Diakuinya, anak-anak dengan gangguan emosi sosial atau tunalaras merupakan tantangan terberatnya dalam mengajar. Anak-anak tunalaras lebih cepat emosi karena terjadi salah persepsi dan terus melakukan pembenaran diri.
"Pada dasarnya mereka adalah anak-anak yang pada dasarnya tahu baik buruknya apa yang dilakukan.
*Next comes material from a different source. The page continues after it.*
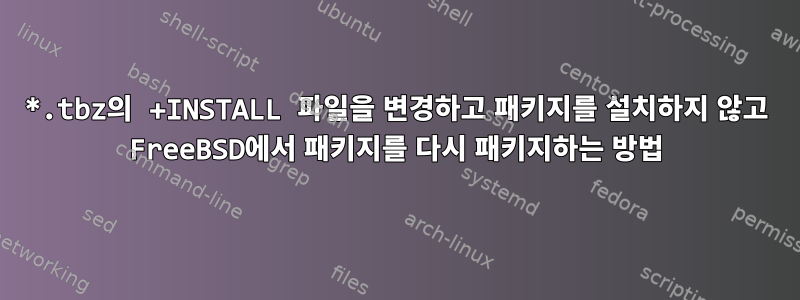 *.tbz의 +INSTALL 파일을 변경하고 패키지를 설치하지 않고 FreeBSD에서 패키지를 다시 패키지하는 방법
Hanya saja mereka tidak bisa mengendalikan emosi, mencari perhatian, dan kalau ada yang merespons emosinya, malah senang," ujarnya.
Dalam mengajar anak penyandang tunalaras, Ratih menyebutkan sering digigit, dipukul, dicakar dan hal lain yang menyebabkan lebam di bagian tubuhnya ketika anak didiknya sedang emosi.
"Kalau digigit itu bukan perlakuan terparah yang pernah dilakukan anak-anak kalau sedang emosi ya. Luka lebam saya juga sering. Dipukul mungkin tidak sengaja karena gerak reflek. Ditarik rambut juga pernah," imbuhnya.
Ratih melakukan tindakan preventif dalam mengajar anak penyandang tunalaras untuk menghindari hal yang tidak diinginkan terjadi.
Belajar ke Norwegia
Pada tahun 2000, Ratih sempat dikirim ke Universitas Oslo, Norwegia selama 3 minggu untuk mendalami pengajaran pendidikan khusus dan mendapat gelar Special Teacher.
"Istilahnya kami study banding ke luar negeri untuk melihat kondisi pembelajaran anak-anak berkebutuhan khusus di sana. Ilmu-ilmu kekhususan itu langka sekali," terangnya.
"Sebenarnya untuk mengajar anak tuna netra tidak terlalu sulit kalau kita mau belajar. Karena mereka juga seperti halnya anak-anak pada umumnya. Dan saya bersyukur sekali ada kesempatan belajar," tambahnya.